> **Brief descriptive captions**
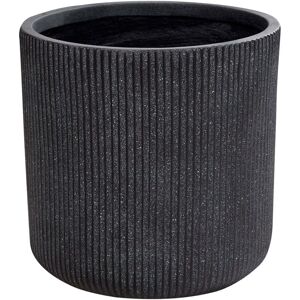 BELIANI Plant Pot OREOI 37 cm Graphite Grey BELIANI Plant Pot OREOI 37 cm Graphite Grey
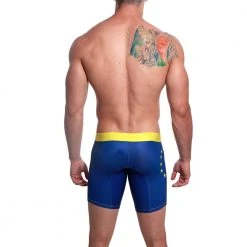 Mensuas MN0866 Europe Flag Long Boxer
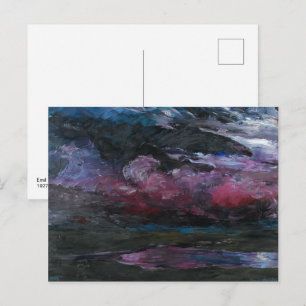 Treibende Schwerewetterwolken Emil Nolde Postkarte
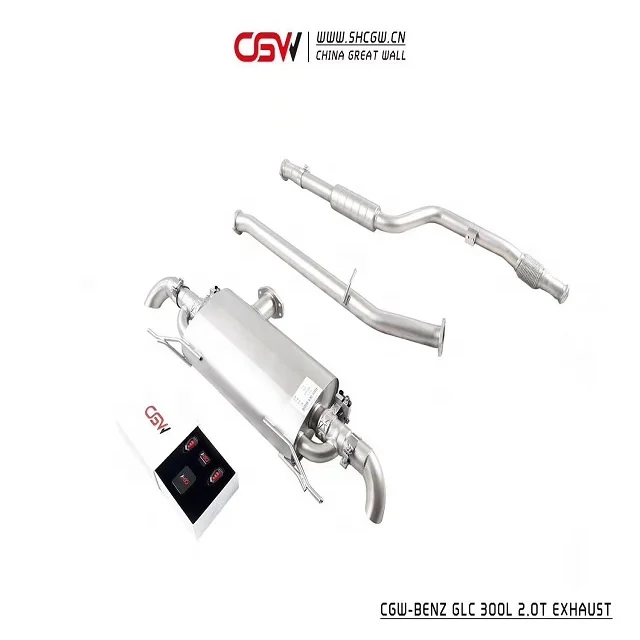 Easy Operating Valve Control System with Accurate Fitment for GLC250 300 2.0T Exhaust Catback
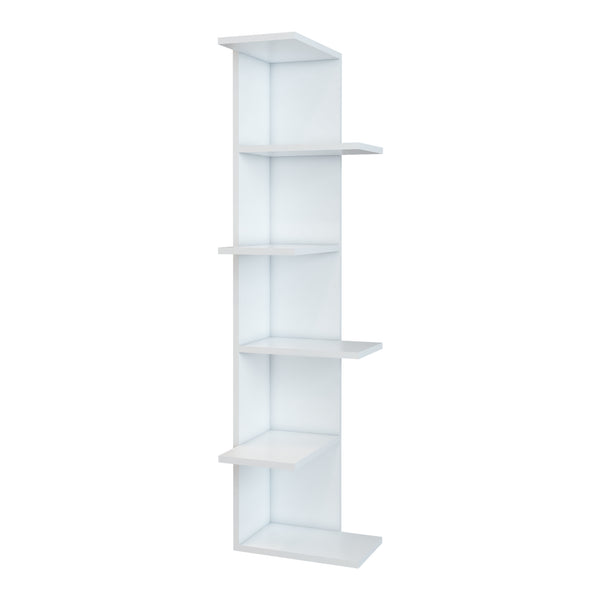[en.casa] Boekenkast Pandrup schap 141x37x22 cm wit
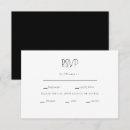 Search for b horizontal rsvp cards Black and white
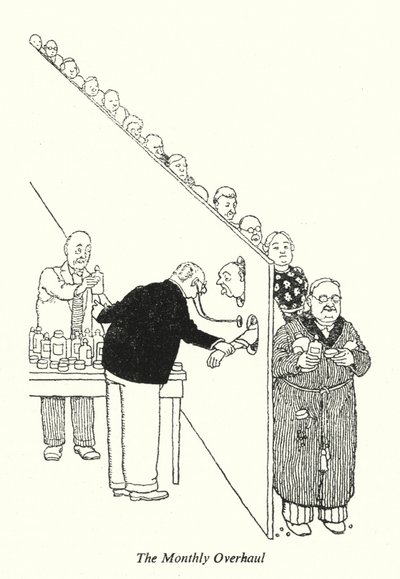 Aylık Revizyon (lito) by William Heath Robinson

> **WORK INSTRUCTIONS**
Output only the lines from the one that contains "Treibende Schwerewetterwolken Emil" to the end of the entries above, both end lines included, and drop the pictures.

> **EXPECTED ANSWER**
 Treibende Schwerewetterwolken Emil Nolde Postkarte
 Easy Operating Valve Control System with Accurate Fitment for GLC250 300 2.0T Exhaust Catback
[en.casa] Boekenkast Pandrup schap 141x37x22 cm wit
 Search for b horizontal rsvp cards Black and white
 Aylık Revizyon (lito) by William Heath Robinson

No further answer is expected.